Today I went looking for my cat who got out the house a couple of days ago, and it took me exactly 2 seconds to feel ostracized around people in my old neighborhood.
It was a weird and uncomfortable feeling. I kinda felt like I reverted back (my reaction and response) to a teenage version of myself. It was weird.
My simple response is that it’s just who I am. I eat, sleep and breathe this life, like how other people eat, sleep, and breathe Sunday night football. I know some of ‘my friends on Facebook has said numerous times, “Sarah don’t have nothing else to talk about?” And my answer would be, “Nope!” lol
Today was just a confirmation that I absolutely DO NOT fit in.
Normal isn’t me and it never has been. I just don’t quite fit the standard and I’m okay with that.

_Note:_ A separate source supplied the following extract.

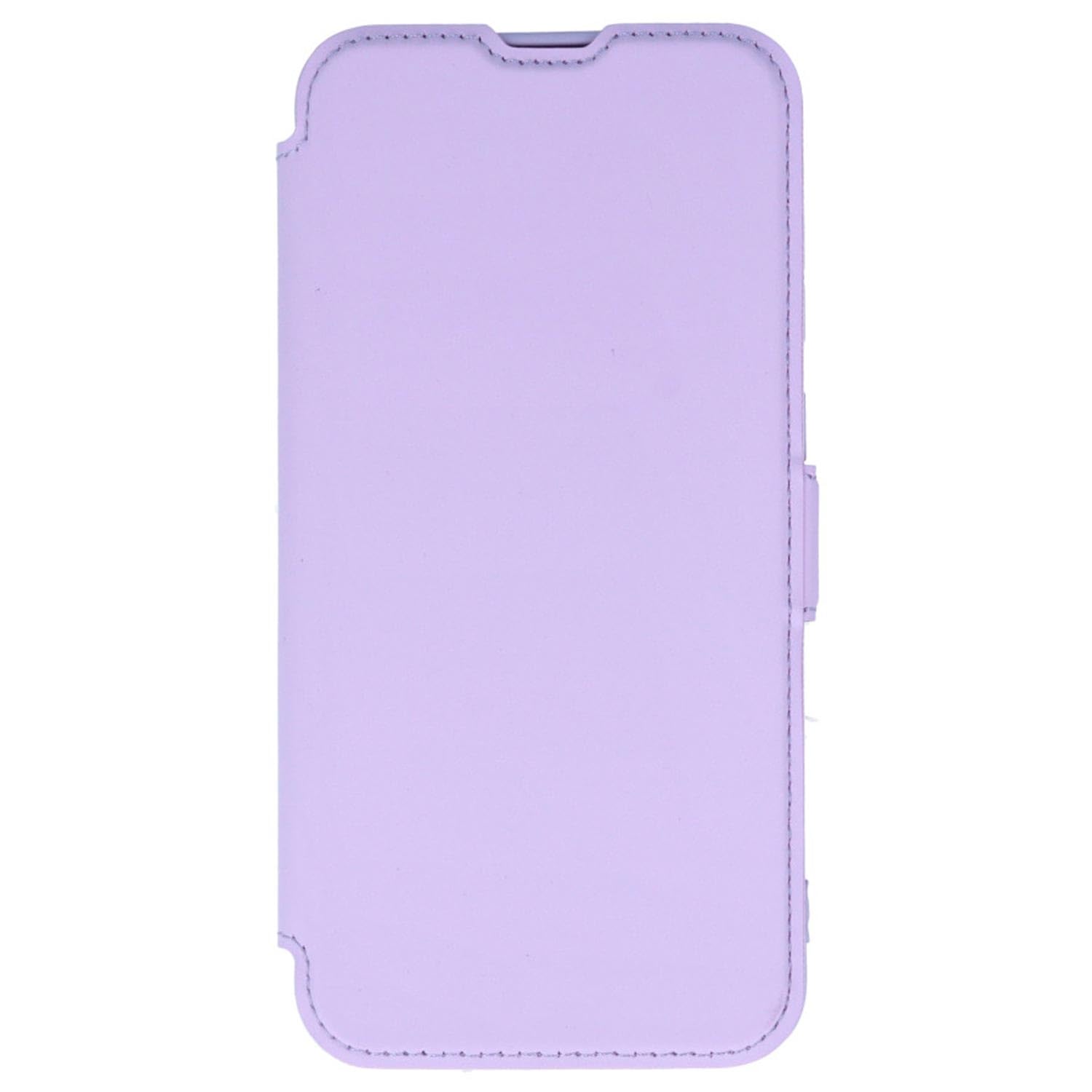 La Casa de las Carcasas Cover Galaxy A35 5G portafoglio malva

I will get up and leave something good because of that weird and uncomfortable feeling. For the past couple years it has served me as a signal – what Oprah calls a nudge from the universe – to get up and get out of something that wasn’t for me– even if it looks good.
I just NEED some people to understand that success, the Beyoncé and Jay Z, Oprah, Warren Buffet etc, type of success, does not all of a sudden become an illusive interest.
You can’t just pick her up and put her down leisurely. It doesn’t work that way.
I’m not faking this and it’s not some dream I dreamt when a long time goal failed. My life, interest and daily motivation is a Day 1, A1 initiative. I know no other way.
For as long as I can remember, the plan to be me – meaning, whatever successes tied to who I am – was always, and still is, The Plan.
Here me when I say, I CANNOT LIVE OTHERWISE.
Therefore, my lack of interest and care free attitude of not wanting so and so to like and accept me, is not a b*tchy and rude attitude.
But it’s an expression of my inner ostrich. My self-awareness. I know who I am (continuously evolving that is), I know I’m an acquire taste – different, and I know that I’m not for everyone and neither is everyone for me.
When you know who you are, you’ll know within an instant if something is for you, or not. I mean, think about it. If you wear a size 8, you’ll never try to fit your foot into a size 6, right? Right…
BECAUSE YOU KNOW A SIZE 6 WILL NOT FIT.